ソーシャルゲーム「FGO」開発などの「ディライトワークス」が「ラブレター」などのボードゲームデザイナー「カナイセイジ」とのコラボでボードゲームを出すので内容を推測してみたよ記事(長い
NEWS : ゲームマーケット支援ツール「ゲームマーケットチェックするやーつ」を作りました。
もい!
当サイトはボードゲームレビュー・コラム・ニュースのちゃんぽんサイトなので、スマートフォンとかパソコンとか、ましてやソーシャルゲームの話題などを出すこともないだろうなーふんふん、とか思っておりました。が、状況が最近変わってきました。PCゲーム原作のボードゲームが発売され、海外ではアニメやアメコミを原作としたボードゲームがバシバシと出て、日本発のゲームが逆にデジタルゲーム化などなど。アナログとデジタルがどんどん近くなってきた印象です。
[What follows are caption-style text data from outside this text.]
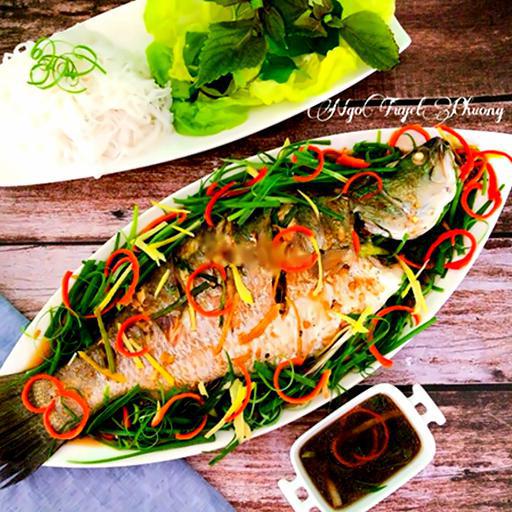 ca-chem-hap-hanh-steamed-seabass-with-spring-onions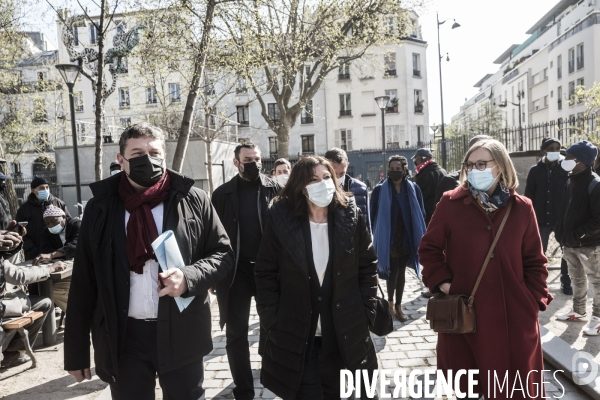 Anne Hidalgo dans le quartier de la goutte d or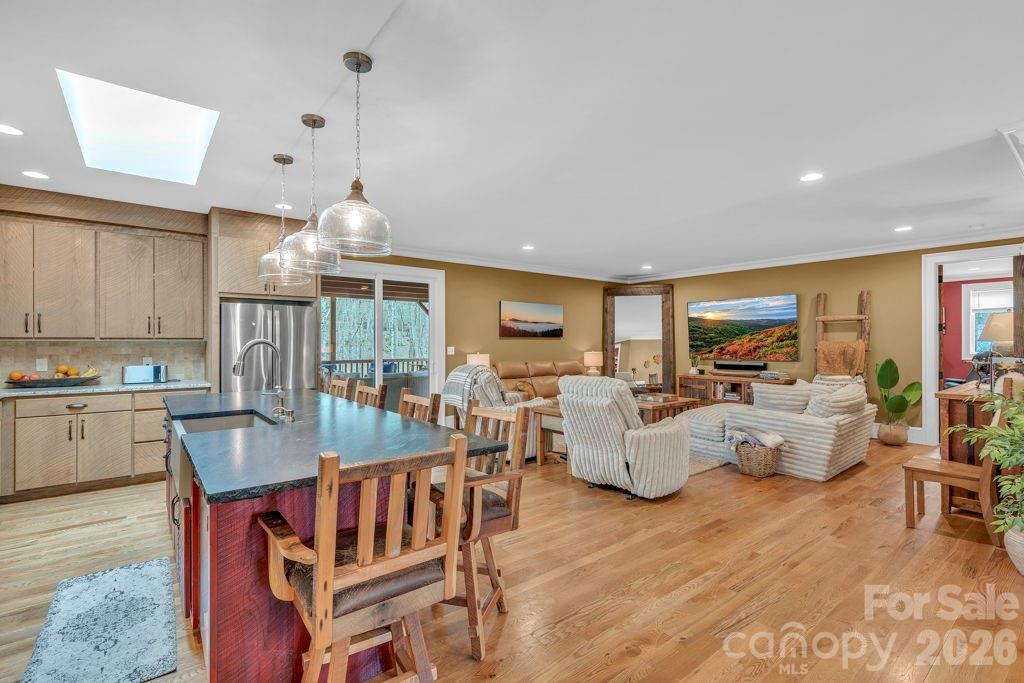 main property photo 13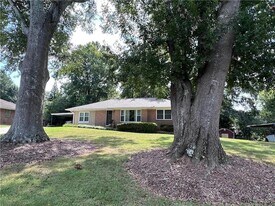 1180 Starline Dr in Smyrna, GA - Building Photo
そして今回、デジタルゲームファン、アナログゲームファンどちらにも衝撃的なニュースが飛び込んできましたよ。ソーシャルゲーム「Fate/Grand Order」の開発で知られる「ディライトワークス」さんと、カードゲーム「ラブレター」などで知られる「カナイセイジ」さんがコラボしてボードゲームを出すというのです。
カナイセイジ×ディライトワークス・オリジナルボードゲーム2作品の詳細発表
それぞれの作品は、全国のボードゲーマーたちの集まるイベント、「ゲームマーケット2018年秋」にて出展され、いち早くゲットできるかもしれないチャンスがあるようです!
『ゲームマーケット』公式サイト | 国内最大規模のアナログゲーム・ テーブルゲーム・ボードゲーム イベント
Fate/Grand Orderって何
とはいえ、まずは紹介でしょう。「Fate/Grand Order」って何、というアナログゲームファンも多いでしょう。デジタルゲーム、特にソシャゲファンからしたら、「おいおいまじかよ、今までどこでなにをしていたんだ? ノースダコタにでも潜んでいたのか? こいつにとっておきのうどんを食わせておきな!!」と思うかもしれません。けれどもグッドスレイブたるもの、新たなスレイブを引き込めるチャンスです。ここは軽く紹介し、楽しい「Fate/Grand Order」に興味を持ってもらうことも大切だと思うんだワン。
Fate/Grand Orderは、「Fate/stay night」というPCゲームを原作としたスマートフォンで楽しめるソーシャルゲームで、世界が歴史改変によって消失してしまうのを、歴史上の偉人たち、サーヴァントの助けをかりつつ防ぐために奮闘するゲームとなります。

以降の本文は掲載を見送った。